A few days ago I saw this story about a Texas town that lost its water supply to fracking. Thirty more towns could lose water by the end of this year. I wrote a post about this on the other blog.

Texas is water-challenged without fracking. Aquifer levels have been dropping for many years, and recently Texas has seen one drought after another. But there’s something deeply and particularly depraved about using up water to get at fossil fuels, the use of which is possibly contributing to the droughts.
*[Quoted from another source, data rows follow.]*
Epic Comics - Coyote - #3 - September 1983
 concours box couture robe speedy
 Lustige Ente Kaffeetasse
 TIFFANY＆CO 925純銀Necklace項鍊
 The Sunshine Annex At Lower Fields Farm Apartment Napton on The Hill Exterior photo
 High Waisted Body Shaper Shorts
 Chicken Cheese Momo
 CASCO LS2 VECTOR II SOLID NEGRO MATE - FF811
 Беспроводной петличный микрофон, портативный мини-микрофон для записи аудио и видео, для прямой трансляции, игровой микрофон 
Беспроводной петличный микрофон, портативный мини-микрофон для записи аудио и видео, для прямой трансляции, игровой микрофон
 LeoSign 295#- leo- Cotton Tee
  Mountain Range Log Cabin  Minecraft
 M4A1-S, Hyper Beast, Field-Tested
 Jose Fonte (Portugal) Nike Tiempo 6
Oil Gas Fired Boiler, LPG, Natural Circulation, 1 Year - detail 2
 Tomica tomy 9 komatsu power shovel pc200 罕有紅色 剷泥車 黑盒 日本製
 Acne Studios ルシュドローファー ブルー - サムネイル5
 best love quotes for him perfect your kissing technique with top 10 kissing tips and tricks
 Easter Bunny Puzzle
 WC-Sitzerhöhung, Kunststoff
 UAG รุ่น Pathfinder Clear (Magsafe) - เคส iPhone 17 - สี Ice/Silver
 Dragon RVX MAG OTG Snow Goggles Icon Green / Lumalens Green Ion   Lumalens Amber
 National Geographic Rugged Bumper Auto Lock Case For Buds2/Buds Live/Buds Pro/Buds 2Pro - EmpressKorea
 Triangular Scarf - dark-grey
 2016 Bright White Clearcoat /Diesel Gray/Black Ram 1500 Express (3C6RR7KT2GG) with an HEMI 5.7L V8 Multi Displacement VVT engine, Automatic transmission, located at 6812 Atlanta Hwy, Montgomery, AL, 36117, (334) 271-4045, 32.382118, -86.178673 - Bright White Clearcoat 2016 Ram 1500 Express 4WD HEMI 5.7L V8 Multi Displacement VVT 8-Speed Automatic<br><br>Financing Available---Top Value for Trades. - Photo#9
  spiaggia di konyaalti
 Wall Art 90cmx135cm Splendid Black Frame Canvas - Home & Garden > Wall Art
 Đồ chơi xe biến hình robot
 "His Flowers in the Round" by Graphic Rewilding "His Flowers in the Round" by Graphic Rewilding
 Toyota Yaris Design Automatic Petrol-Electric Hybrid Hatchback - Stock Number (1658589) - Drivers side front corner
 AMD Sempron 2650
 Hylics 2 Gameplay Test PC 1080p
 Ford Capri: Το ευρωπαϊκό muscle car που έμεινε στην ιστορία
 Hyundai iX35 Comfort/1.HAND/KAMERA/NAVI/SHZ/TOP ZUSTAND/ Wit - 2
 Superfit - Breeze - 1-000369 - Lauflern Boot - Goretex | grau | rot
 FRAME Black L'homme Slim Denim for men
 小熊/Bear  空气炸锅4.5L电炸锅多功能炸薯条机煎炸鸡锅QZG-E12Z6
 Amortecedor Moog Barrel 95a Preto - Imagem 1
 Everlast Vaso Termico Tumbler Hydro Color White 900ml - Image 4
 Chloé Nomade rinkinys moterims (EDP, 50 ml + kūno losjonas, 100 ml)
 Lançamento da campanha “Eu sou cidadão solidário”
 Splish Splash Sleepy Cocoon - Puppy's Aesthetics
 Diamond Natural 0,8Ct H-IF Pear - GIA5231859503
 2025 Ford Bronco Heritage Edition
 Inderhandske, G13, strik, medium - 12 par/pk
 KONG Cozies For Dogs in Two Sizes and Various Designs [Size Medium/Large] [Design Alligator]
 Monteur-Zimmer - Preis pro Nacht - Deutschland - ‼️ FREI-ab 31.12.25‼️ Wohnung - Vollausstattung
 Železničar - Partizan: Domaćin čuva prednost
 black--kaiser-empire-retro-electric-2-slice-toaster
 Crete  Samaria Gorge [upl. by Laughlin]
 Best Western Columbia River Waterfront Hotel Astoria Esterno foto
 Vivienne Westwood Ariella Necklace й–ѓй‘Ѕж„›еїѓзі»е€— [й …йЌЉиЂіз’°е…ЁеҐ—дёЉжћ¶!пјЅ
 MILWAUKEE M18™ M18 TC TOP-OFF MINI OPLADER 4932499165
The Houston Chronicle reports,

Texas shale producers used about 25 billion gallons of water last year, and with more and more drilling in the Eagle Ford Formation, that figure will continue to grow. In some West Texas and South Texas counties – almost invariably drought-stricken counties – fracking accounts for 10 to 25 percent of water use and is projected to pass 50 percent in the future. Every month, oil and gas companies dispose of 290 million barrels of wastewater from fracking. That’s the equivalent of 18,500 Olympic-sized swimming pools, Luke Metzger of Environment Texas points out. That’s water that can never be used again – in a drought-debilitated state, no less.

At least partial solutions are possible, including mandatory recycling, saline or brackish water use and waterless fracking, but Texas lawmakers, for the most part, have allowed the industry to have its way. Although they approved funding for a Texas water plan, setting up a statewide vote this year, bills during the past session that would have required oil and gas companies to recycle water used in fracking never made it out of committee because of industry opposition.

The Legislature did pass a bill that encourages recycling, but it’s weak. As Metzger points out, “It’s still cheaper to just dispose of frackwater waste in injection wells, so most companies don’t have an incentive to recycle.”

Yeah, good ol’ business-friendly Texas. The climate-change-denying governor goes around telling businesses to come to Texas where they don’t have to deal with all those pesky regulations. So business interests in Texas have a free hand to use the small towns “as vassal states to be used up and discarded.”

Ironically, older ways of making a living are being hurt by the water shortage as well. Cattle need water, too; ranchers are having to sell off their livestock or else watch the animals die.

So “business-friendly” Texas isn’t necessarily friendly to all business; just those with enough money to spread around in Austin.